Poulain's hull similarity to Morrison's Exmouth Challenge design in which Yvon Fauconnier won the OSTAR 1984 is obvious on inspection. The elegant long floats are nearly as long as the hull. Lauriot-Prévost says:

"Because in the meantime, the winner of the OSTAR 1984, it was Umupro Jardin ... (Phil Morrison design, first name was Exmouth Challenge). And the inspiration turns to voluminous amas and as long as the central hull, a radical change. Previously, the amas were sinking into the sea and Phil Morrison was successfully exploring a new approach with his 1982 Exmouth Challenge! On the foilers, the leeward ama did not sink because there was the vertical lift of the foil as soon as there was speed. We did not know all that yet but either we were gaining length at the waterline with a lot of finesse of hull, or we had a small ama with a foil: we discovered the balance sheets issue at all speeds ... With a large ama, we had a better dynamic stability in difficult conditions and we were more efficient in light winds because the foils dragged a lot. Also Olivier de Kersauson wanted to do a program around the world alone: he wanted big amas for security."

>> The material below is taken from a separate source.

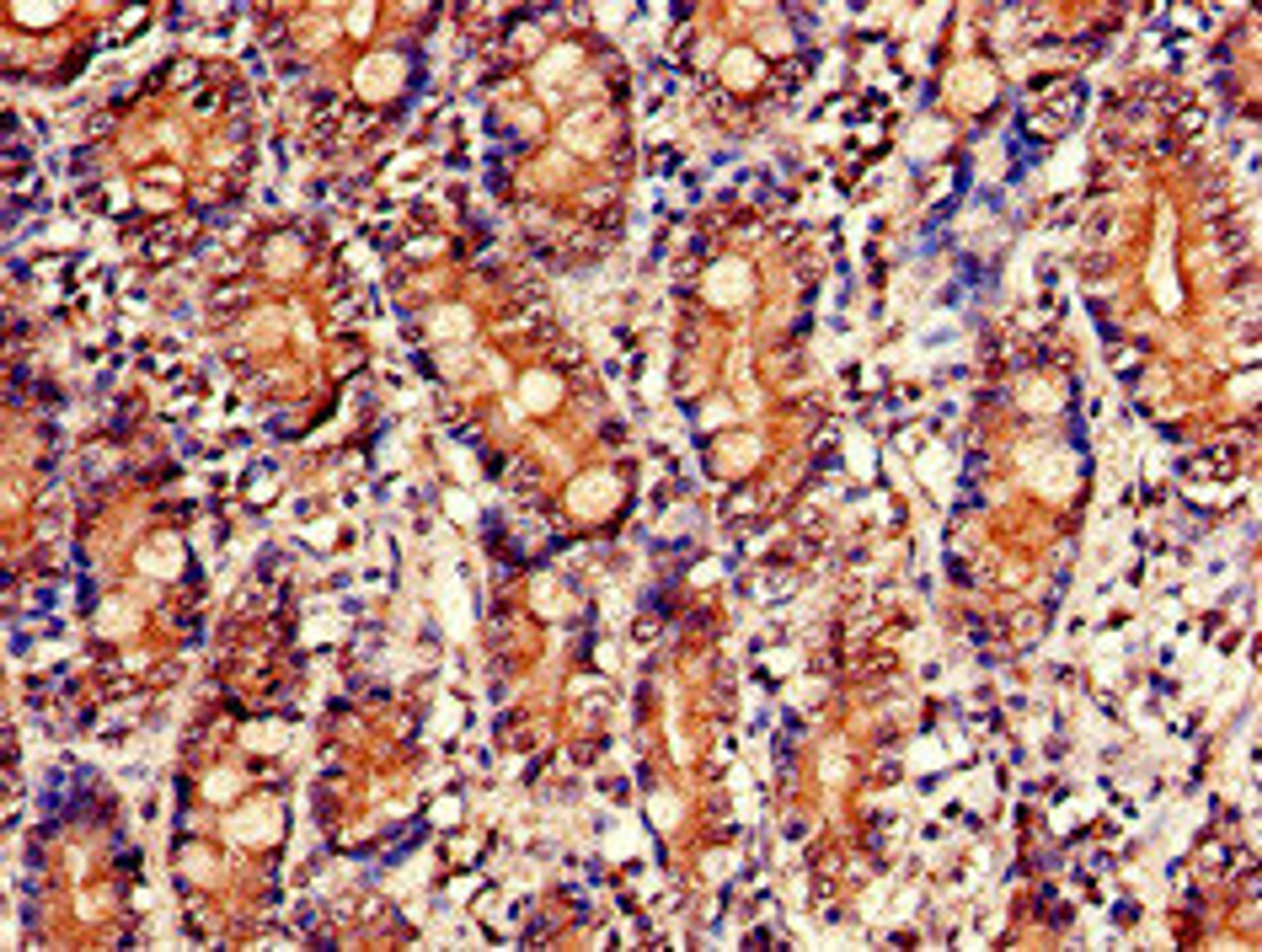 Immunohistochemistry of paraffin-embedded human small intestine tissue using CSB-PA016154LA01HU at dilution of 1:100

Their multihulls became famous and won many victories in races, including the America’s Cup in 2010 and records around the world. Later, this success would Marc Van Peteghem and Vincent Lauriot-Prévost international references in the field of naval architecture.

VPLP also develops yachts such as « Douce France » and « Hemisphere », which are the two largest cruising catamarans in the world. The agency also works with the Groupe Bénéteau to design their cruising catamarans, produced at nearly 3,000 units since 1986, and works with the shipyard Outremer.

In 2004, Marc Van Peteghem meets Yves Marre and begins to work with him on a catamaran ambulance for Bangladesh, built in TaraTari Shipyard. In 2010, he decided with Yves Marre, Alain Connan and Gerald Similowski to create NGO Watever which assists underprivileged populations living on the shores of oceans and rivers. He is the President of the NGO.

In 2012, he co-found « The Sustainable Design School » with Maurille Larivière and Patrick Le Quément, a school of design and sustainable innovation based in Nice.

In 2014, Marc Van Peteghem took part in TEDx Cannes with the talk "Let's reduce our fuel consumption at sea!"

In 2018, Marc Van Peteghem founded AYRO (the predecessor of OceanWings) with Nicolas Sdez and Romain Grandsart. AYRO was set up to invite appropriate and dedicated funding and expertise to tackle the challenge of designing and manufacturing fully automated wingsails for merchant ships.

In 2022, Marc Van Peteghem launches his own winery, Les Oeuvres Vives, in Bandol.

== Awards ==
In 2010, Marc Van Peteghem and Vincent Lauriot Prevost received the Prix Henry Deutsch de la Meurthe from the French Académie des Sports for their life's work.

In 2010, Marc receives the Académie de Marine's Manley Bendall Maritime Personality of the Year Award.

In 2017, Marc receives the Ship Design and Operation Award - Henri Kummerman from the Académie de Marine.

In 2022, Marc becomes a member of the French Academy of Technologies.